72 nodded. "Except for some intimate personal details, nearly everything one member of the Collective knows, the Gestalt knows. I was not betraying your secrets, for I cannot keep something like this secret from the Collective any more than you could easily keep a secret from yourself. As I said, the Gestalt knows what I know about you, as well as what it knew of you before. We have pulled in nearly all the Conscious Membership to think this through. We have therefore decided to grant you our protection. As we are within our rights, the technomages will aid you to solve how to destroy the Horcruxes you control, and will appeal to the Confederation Committee. When the Committee denies you help. . . ."
That caused a stir.
"We calculate an eighty-one percent chance of denial, at least in the short term, and a fifteen percent chance of delay which would amount to denial," 72 retorted. "The technomages will then have to appeal to the Tuatha, the three elders of the Old Believers, for the Old Believers are truly an entity unto themselves. No one knows for certain how many there are, hidden away, although they currently claim just over thirty thousand members in the open. Everyone knows that is just the Open Membership, and that there are at least sixty thousand Hidden. We suspect that they do not fit with the reproductive strategies of other magic users - small groups at best barely reproducing themselves. Every other magical group in the world would almost certainly die out over a few centuries if new magic users from the general population were not absorbed into them. We believe the Old Believers have a large enough population base that this does not apply to them, and that they actually account for anywhere from a tenth to nearly half of the world's active magic users.
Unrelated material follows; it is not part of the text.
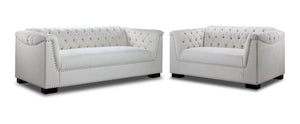Veronica 2 Pc. Living Room Package w/ Loveseat - Cream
If they should decide to intervene from behind the scenes, the Confederation could keep its hands clean."
"Why would they?"Director Stone asked.
"They not only believe in reincarnation, but its necessity," 72 answered. "A Horcrux would be an abomination to them. And, although they are very clannish, they welcome new blood to their clans when offered. Voldemort's racial politics are anathema to them nearly as much as they are to us or to you."
"And the odds of their directly helping?" Packard asked.
"If there are truly less than a hundred thousand, only about thirty percent," 72 answered. "If, however, as we, and you, suspect, they number over a million? Seventy-five percent."
The superintendent looked at Harry and Hermione. "Are you willing to trust us?" The pair looked at each other, and then nodded. "Good. Packard, I'm putting you on detached duty. Call in five of your younger security people to help. If no one here objects, I want to move these two away from San Jose. If it comes out we have them, I don't want them here in case terrorists come looking. I know a secure facility that has the extra space that might be needed, and will arrange to have a technomage team there after New Years."
He looked at 72. "I think we need at least three members of the Collective."
72 showed him a slip of paper with a likely location. Smother's grimaced at the correct deduction, but nodded. "We will have six members available for you to select from after Christmas," was all she said.
"Does this meet with your approval?" he asked Hermione and Harry. They again nodded.
"I don't have family connections," Packard said softly. "Shall I take them someplace for the holidays?"
Smothers thought and said, "Can you get at least three members from Security?"
Smothers looked back at Harry and Hermione. "You both have both our groups' protection for now. Welcome to America."